Einem eigenen Kapitel zum Internationen Familienrecht, ein für den Praktiker eher unliebsames Thema, sind allein 77 Seiten gewidmet, die auch dem versierten und erfahrenen Praktiker bisher nicht erkannte Möglichkeiten in der Fallbearbeitung eröffnen und in einer mehr als haftungsträchtigen Materie kompetent wegweisend sind. Dabei ist die mit Wirkung ab dem 21.6.2012 geltende Rom-III-Verordnung in das Werk eingearbeitet und ihr sachlicher Anwendungsbereich anhand einer Vielzahl von Beispielsfällen eingehend erläutert. Auch die Schnittstellen zum Erbrecht werden in einem eigenen Kapitel 16 dargestellt und leiten über in die sich aus § 135 Abs. 2 FamFG ergebende Vorgabe des Gesetzgebers, in geeigneten Fällen den Beteiligten eine außergerichtliche Streitbeilegung der Folgesachen vorzuschlagen (Mediation). Die Zusammenstellung typischer Mandantenfragen in einem abschließenden Kapitel 18 rundet das Werk ab.

Begleitet wird es durch eine CD-ROM, die Muster zum Ausfüllen am PC enthält, Zugriff auf die einschlägigen Vorschriften des Familienrechts, Unterhaltstabellen und die zitierten Entscheidungen bietet und über Updates über einen Online-Service verfügt, abgerundet durch einen Mail-Newsletter mit Hinweis auf wichtige Entscheidungen und Gesetzesänderungen, sodass der familienrechtliche Praktiker alles präsentiert erhält, was er zur kompetenten Mandatsbearbeitung benötigt.
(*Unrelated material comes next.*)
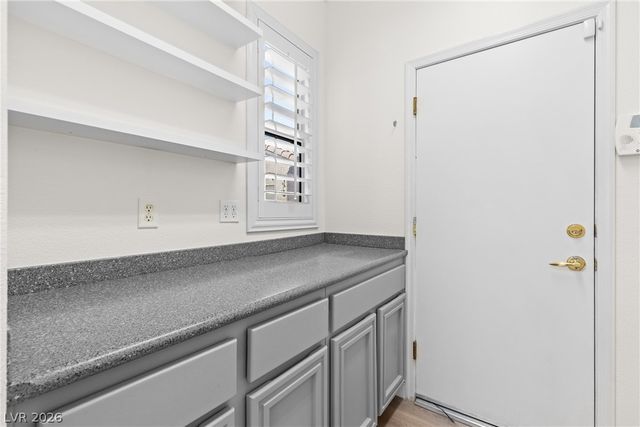 2787 Cherrydale Falls Drive, Henderson, NV 89052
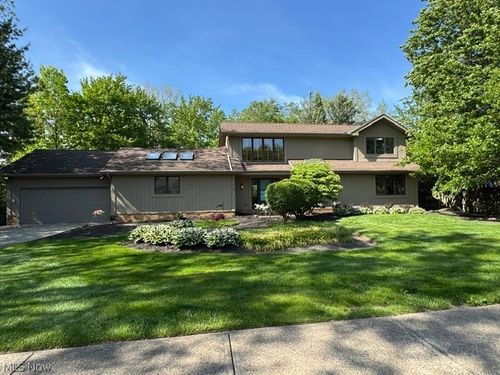 6319 Woodhawk Drive, Mayfield Heights, OH, 44124 | Card Image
Jedes Kapitel enthält visuell hervorgehobene "Praxishinweise", "Warnhinweise" und Muster, die lediglich begrifflich teilweise noch einer Anpassung im Hinblick auf den Sprachgebrauch des § 113 Abs. 5 FamFG bedürfen.

Das Werk lässt sich mit Leichtigkeit lesen und aufnehmen. Das mag in erster Linie darauf zurückzuführen sein, dass die Autoren sich nicht nur juristisch mit dem Familienrecht auseinandersetzen, sondern durch ihre eigene Erfahrung geprägt und mit emphatischem Augenmerk versehen erkennen, was in der Mandatsbearbeitung unabdingbar ist. Das Werk dürfte sich in erster Linie an Anwälte richten. Gleichermaßen sollte aber auch die Gerichtsbarkeit profitieren, der regelmäßig die sachgerechte und umfassende Erfassung eines Falls deshalb versagt bleibt, weil sie nur mit Teilbereichen konfrontiert ist und sie dem sich aus § 135 Abs. 2 FamFG ergebenden Auftrag deshalb häufig nicht gerecht werden kann.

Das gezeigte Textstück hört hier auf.